**Your objective**
Images should be left out, and everything else in the listing reproduced exactly.

**Stored data**
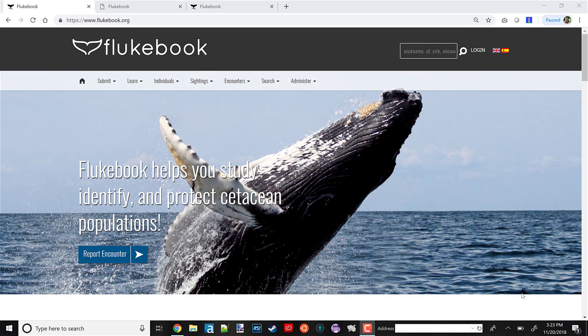Hi, I'm Drew with WildMe. I'm the lead developer on Flukebook.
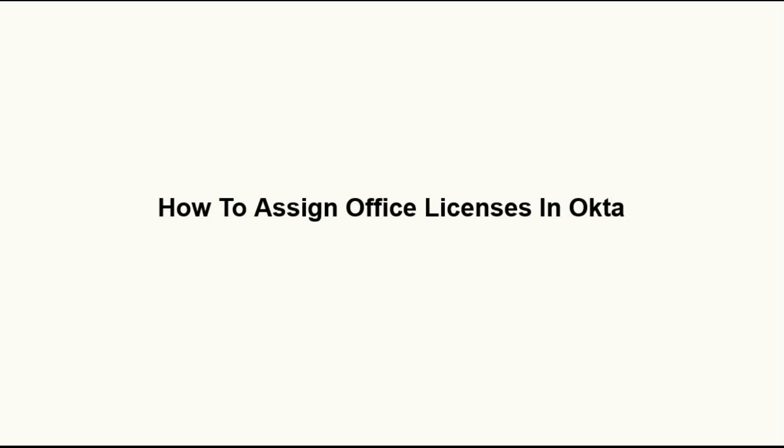For the duration of this video, we will discuss how to manage the Office 365 licenses in Okta, for an individual assignment and for a group assignment. Let us start.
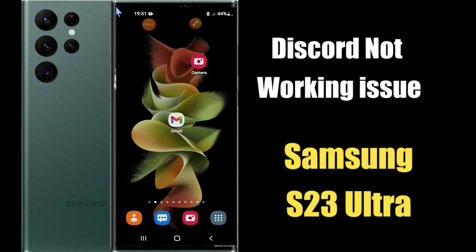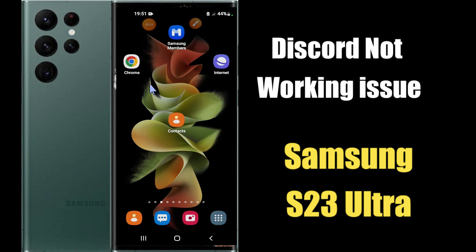Hi everyone, today in this video I am going to show you how you can fix the Discord not working problem on your Samsung S23 Ultra. I'll tell you a few tips and tricks that you can use to fix it.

**The answer**
Hi, I'm Drew with WildMe. I'm the lead developer on Flukebook.
For the duration of this video, we will discuss how to manage the Office 365 licenses in Okta, for an individual assignment and for a group assignment. Let us start.
Hi everyone, today in this video I am going to show you how you can fix the Discord not working problem on your Samsung S23 Ultra. I'll tell you a few tips and tricks that you can use to fix it.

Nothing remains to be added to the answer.